## INSTRUCTIONS FOR THE TASK:
Up to and including the line containing "coloriage Noel Kawaii a imprimer", set down each line of the entries below exactly, starting from the first, and leave out the rest.

══ RECORDS

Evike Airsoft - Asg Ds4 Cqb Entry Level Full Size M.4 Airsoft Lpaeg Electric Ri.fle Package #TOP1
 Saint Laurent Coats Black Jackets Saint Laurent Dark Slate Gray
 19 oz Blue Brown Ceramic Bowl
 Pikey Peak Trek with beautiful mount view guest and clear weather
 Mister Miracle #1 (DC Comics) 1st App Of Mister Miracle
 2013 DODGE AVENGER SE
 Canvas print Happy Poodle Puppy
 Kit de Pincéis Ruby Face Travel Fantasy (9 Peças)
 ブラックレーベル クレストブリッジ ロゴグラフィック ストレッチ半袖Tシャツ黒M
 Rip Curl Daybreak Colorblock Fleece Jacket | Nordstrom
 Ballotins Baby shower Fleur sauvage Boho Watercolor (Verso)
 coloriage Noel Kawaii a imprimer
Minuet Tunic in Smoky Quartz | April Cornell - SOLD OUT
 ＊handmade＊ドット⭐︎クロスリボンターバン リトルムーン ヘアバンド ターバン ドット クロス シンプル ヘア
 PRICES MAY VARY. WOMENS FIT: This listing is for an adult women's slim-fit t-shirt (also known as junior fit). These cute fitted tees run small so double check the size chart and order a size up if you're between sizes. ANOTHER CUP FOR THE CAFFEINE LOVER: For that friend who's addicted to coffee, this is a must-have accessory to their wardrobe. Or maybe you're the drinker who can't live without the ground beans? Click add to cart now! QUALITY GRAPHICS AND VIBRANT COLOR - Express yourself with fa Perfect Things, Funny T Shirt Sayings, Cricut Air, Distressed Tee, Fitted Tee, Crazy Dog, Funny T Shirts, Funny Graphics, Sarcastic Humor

════

## RESPONSE TO THE TASK:
Evike Airsoft - Asg Ds4 Cqb Entry Level Full Size M.4 Airsoft Lpaeg Electric Ri.fle Package #TOP1
 Saint Laurent Coats Black Jackets Saint Laurent Dark Slate Gray
 19 oz Blue Brown Ceramic Bowl
 Pikey Peak Trek with beautiful mount view guest and clear weather
 Mister Miracle #1 (DC Comics) 1st App Of Mister Miracle
 2013 DODGE AVENGER SE
 Canvas print Happy Poodle Puppy
 Kit de Pincéis Ruby Face Travel Fantasy (9 Peças)
 ブラックレーベル クレストブリッジ ロゴグラフィック ストレッチ半袖Tシャツ黒M
 Rip Curl Daybreak Colorblock Fleece Jacket | Nordstrom
 Ballotins Baby shower Fleur sauvage Boho Watercolor (Verso)
 coloriage Noel Kawaii a imprimer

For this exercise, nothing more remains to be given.